December 6, 2007 - 0 comments
New York -- Oil prices reversed earlier gains and closed below $88 a barrel Wednesday after the U.S. government said heating oil and gasoline inventories increased.
Light, sweet crude oil for January delivery fell 83 cents or 0.94 percent to close at $87.49 a barrel on the New York Mercantile Exchange. It earlier hit $90.39 after the Organization of Petroleum Exporting Countries said it would keep production ceilings stable.
The 13-nation group, which supplies more than 40 percent of the world's oil, said it was already pumping enough crude to meet winter fuel demand.
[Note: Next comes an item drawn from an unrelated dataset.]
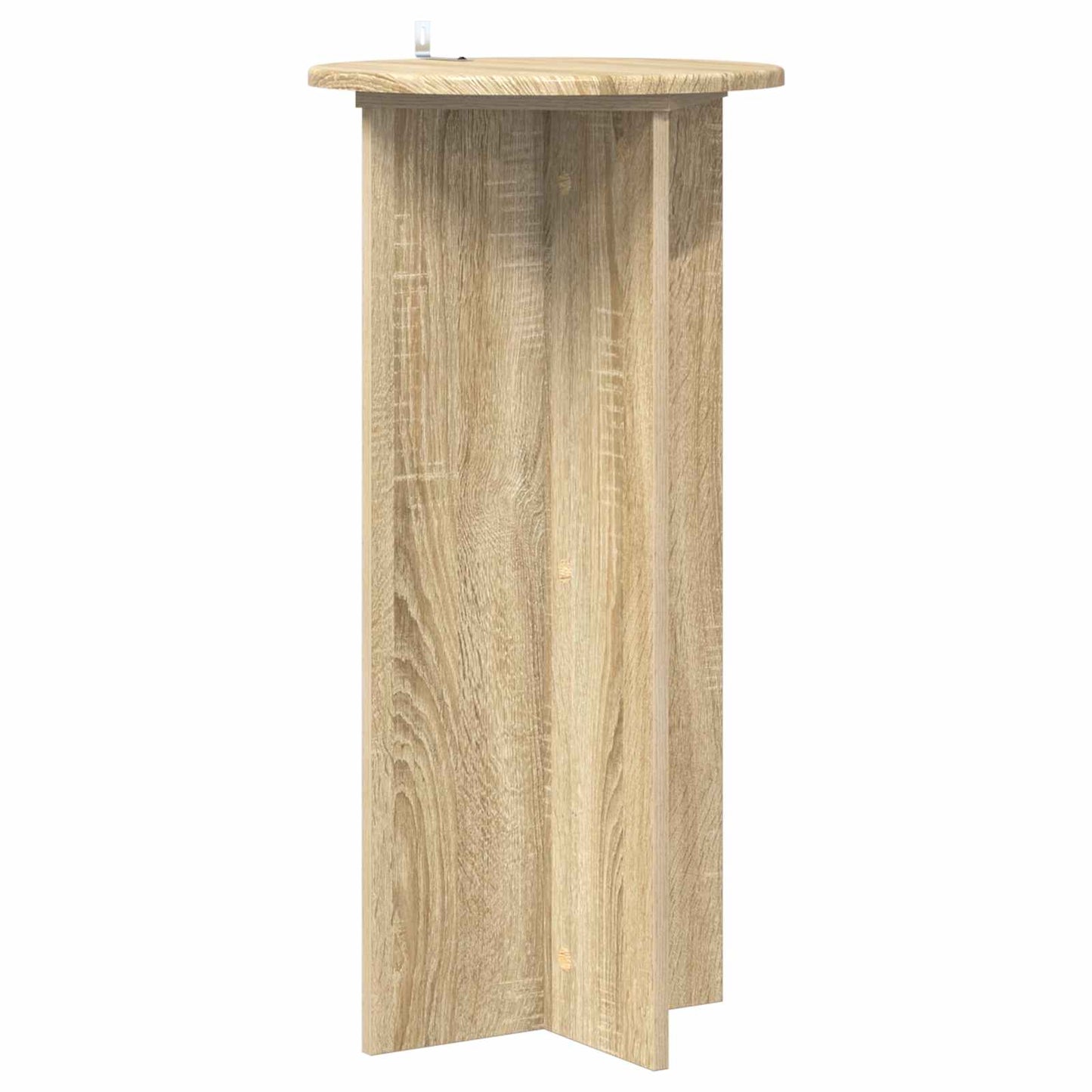 Plantenstandaard 2 pcs Sonoma Eiken 40 x 40 x 80 cm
U.S. Energy Secretary Samuel Bodman had urged OPEC ministers, meeting in Abu Dhabi, United Arab Emirates, to increase output.
The Energy Department said after the meeting U.S. gasoline supplies rose 4 million barrels to 200.6 million last week, and distillate stocks, which include heating oil, grew 1.4 million barrels to 132.3 million.
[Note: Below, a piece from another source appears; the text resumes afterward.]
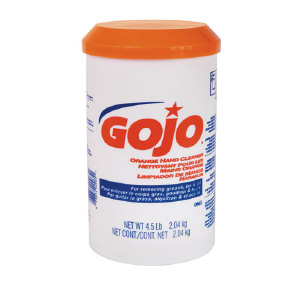 Gojo 965 Gojo&#174; Orange Smooth Hand Cleaner Cr&#232;me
Inventories at Nymex's Cushing, Okla., delivery terminal rose 700,000 barrels to 15.9 million, which analysts saw as a signal the oil market was easing.
Overall U.S. crude inventories fell 8 million barrels to 305.2 million, the department said.
Natural gas rose 3 cents or 0.42 percent at $7.185 per 1,000 cubic feet.
Heating oil fell 2.25 cents or 0.9 percent to $2.4893 a gallon.
Reformulated-gasoline blendstock for oxygen blending tumbled 3.47 cents or 1.54 percent to $2.217 a gallon.
AAA said the average U.S. retail regular unleaded gasoline price was $3.044 a gallon, down 0.8 cent from Tuesday's $3.052 a gallon.